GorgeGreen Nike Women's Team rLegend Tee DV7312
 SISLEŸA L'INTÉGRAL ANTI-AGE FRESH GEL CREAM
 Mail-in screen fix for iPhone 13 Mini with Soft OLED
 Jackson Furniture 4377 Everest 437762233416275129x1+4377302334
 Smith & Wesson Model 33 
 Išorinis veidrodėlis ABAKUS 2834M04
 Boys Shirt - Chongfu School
++++++
Keeping every word and mark as it is, print the entries above.

GorgeGreen Nike Women's Team rLegend Tee DV7312
 SISLEŸA L'INTÉGRAL ANTI-AGE FRESH GEL CREAM
 Mail-in screen fix for iPhone 13 Mini with Soft OLED
 Jackson Furniture 4377 Everest 437762233416275129x1+4377302334
 Smith & Wesson Model 33 
 Išorinis veidrodėlis ABAKUS 2834M04
 Boys Shirt - Chongfu School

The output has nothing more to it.